For a while now I have been a sarcastic, fun-loving (and occasionally incredibly witty) version of myself. No matter what situation I find myself in I inevitably respond with either a sarcastic comment, a pun, a change of subject, or silence.
But I can't shake this desire to change. There is that person inside of me that wants to think and feel and experience serious things. I do, very often by myself, ponder and think and examine what really makes this universe run. And I like that. :)
I do the same thing in the speeches I give. I find that in front of three judges and a timer I can be as serious as I want, and it feels like freedom. Now having given my persuasive at the Hutchins' youth group in RI...I'm finding I've bridged the gap between my speaking life and my, shall we say, real life. I had the opportunity to talk to a few people there about how I felt about a cause that is very serious and important to me.

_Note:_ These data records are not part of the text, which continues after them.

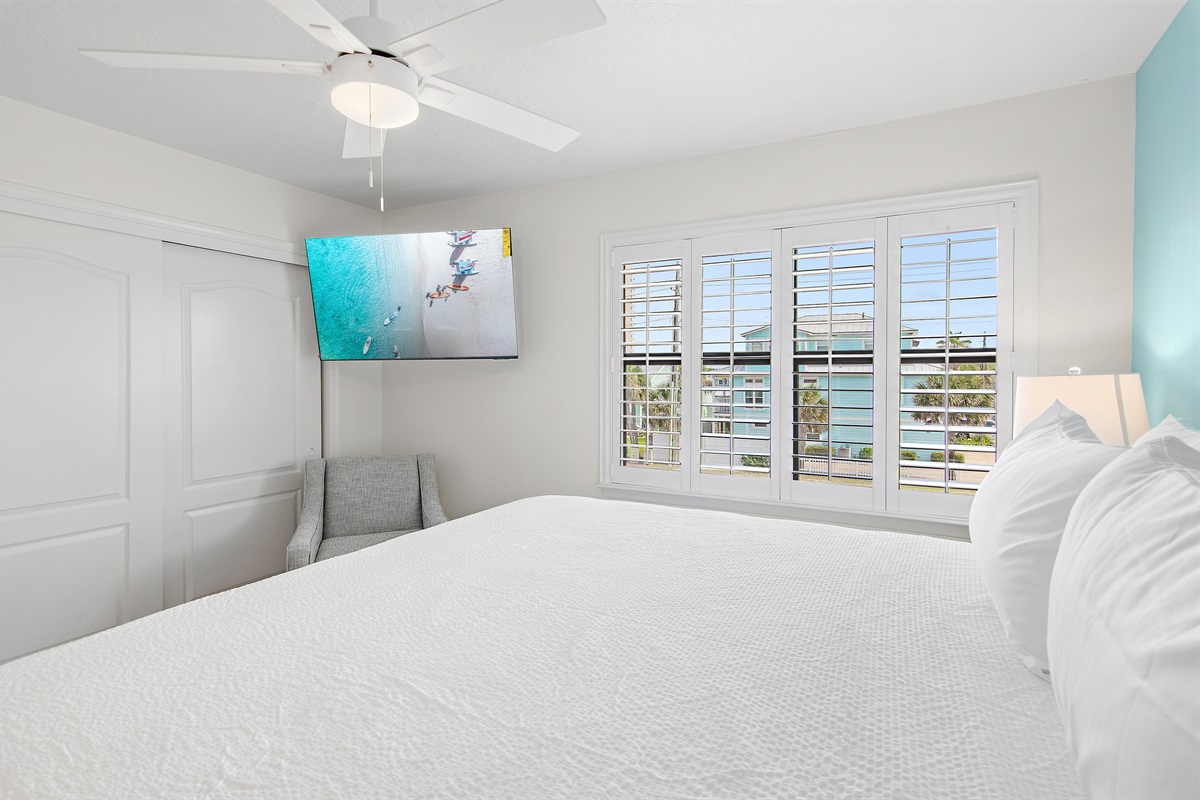Third Floor King Suite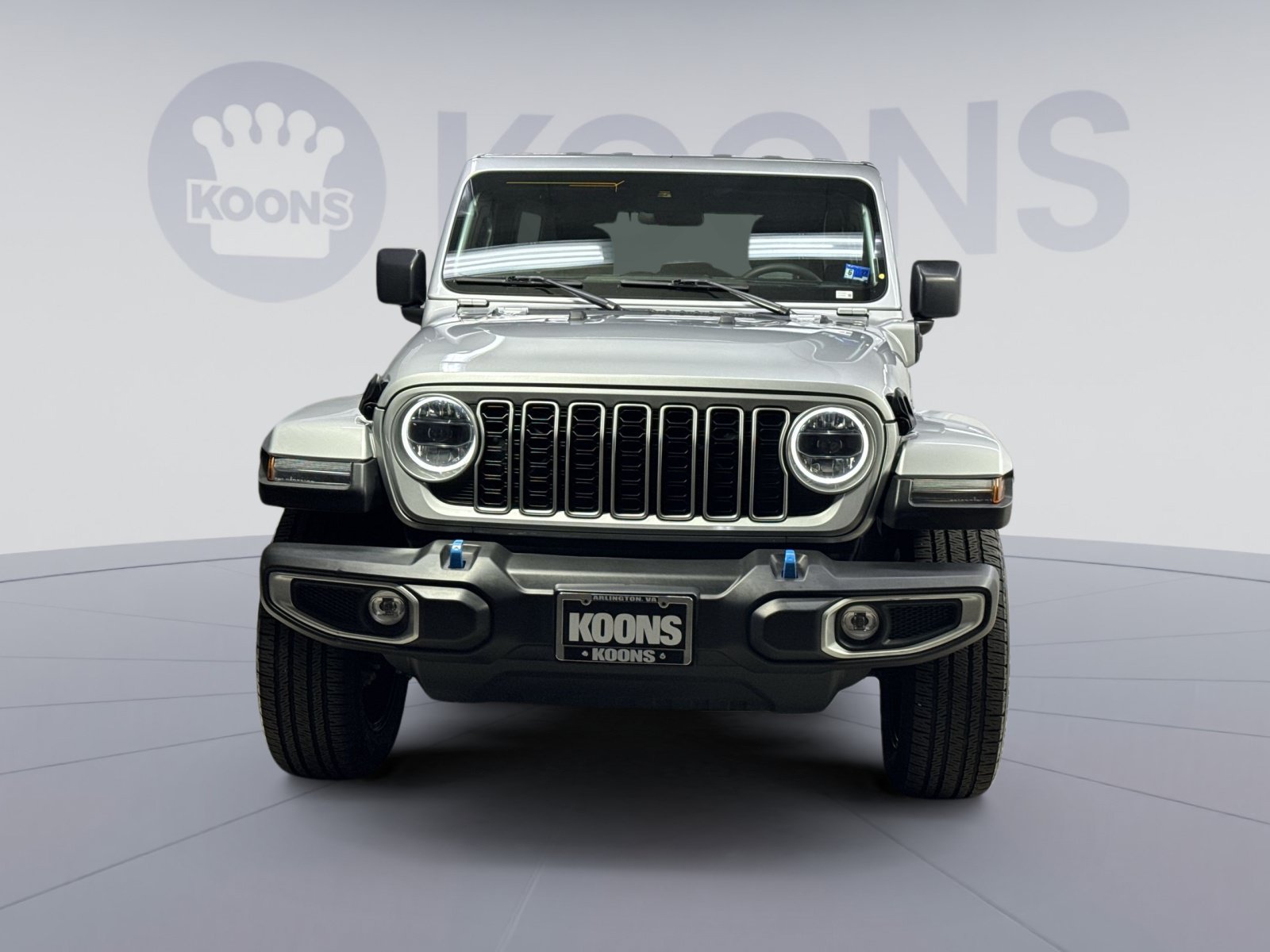 Used 2024 Jeep Wrangler Unlimited Sahara AWD/4WD image 23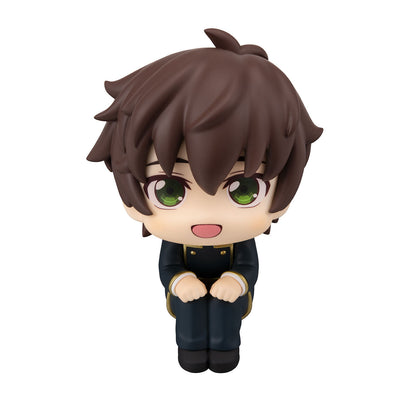 Code Geass Lelouch of the Rebellion Rukappu (Look Up) - Lelouch vi Britannia & Suzaku Kururugi Special Bonus Set [Pre-Order May 2026]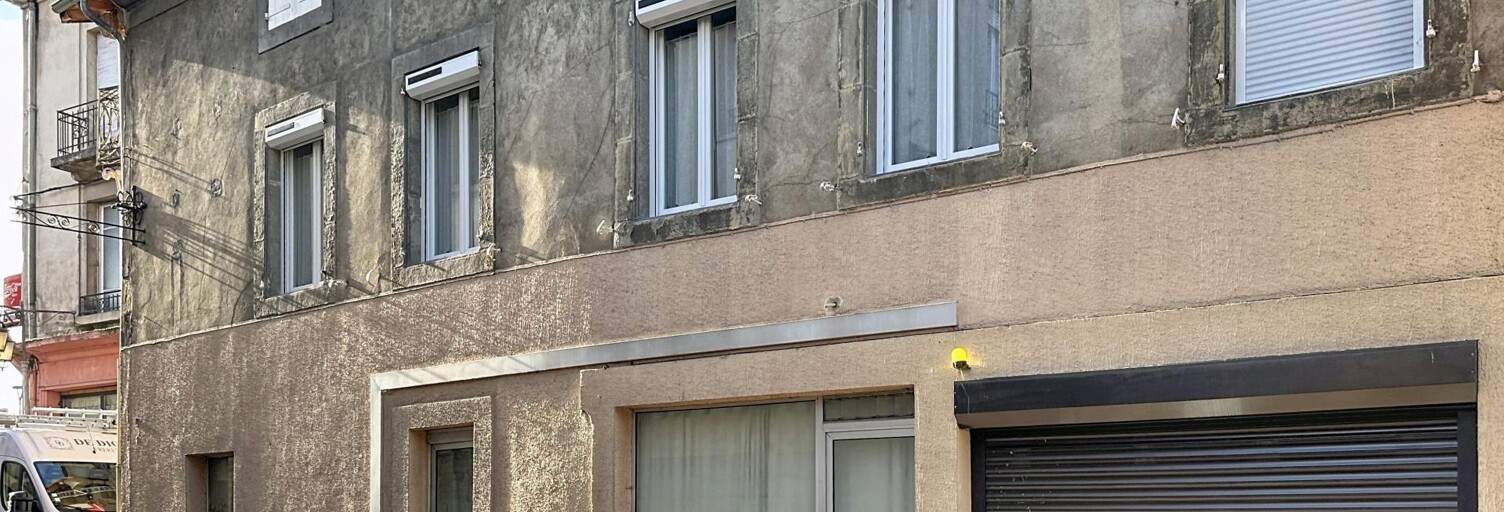 Maison 5 Pièces 135 m² à vendre à Lavelanet (09300)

Sure, I've "spoken in the community" before...but only in more formal settings, and mostly with interps.
This upcoming internship with Communicators For Christ is, I think, going to do the same thing...for the better. It's going to force me to care, really and truly, to mean what I say on the platform, and to have a serious conversation or two with people.
That's been my problem for a long time. Having a real, real, real conversation. An actual two-way interaction that involves a serious topic, without spending the entire time cracking jokes or avoiding the subject.
I'm gonna go grab some breakfast, and maybe strike up a conversation over a bagel or a bowl of cereal.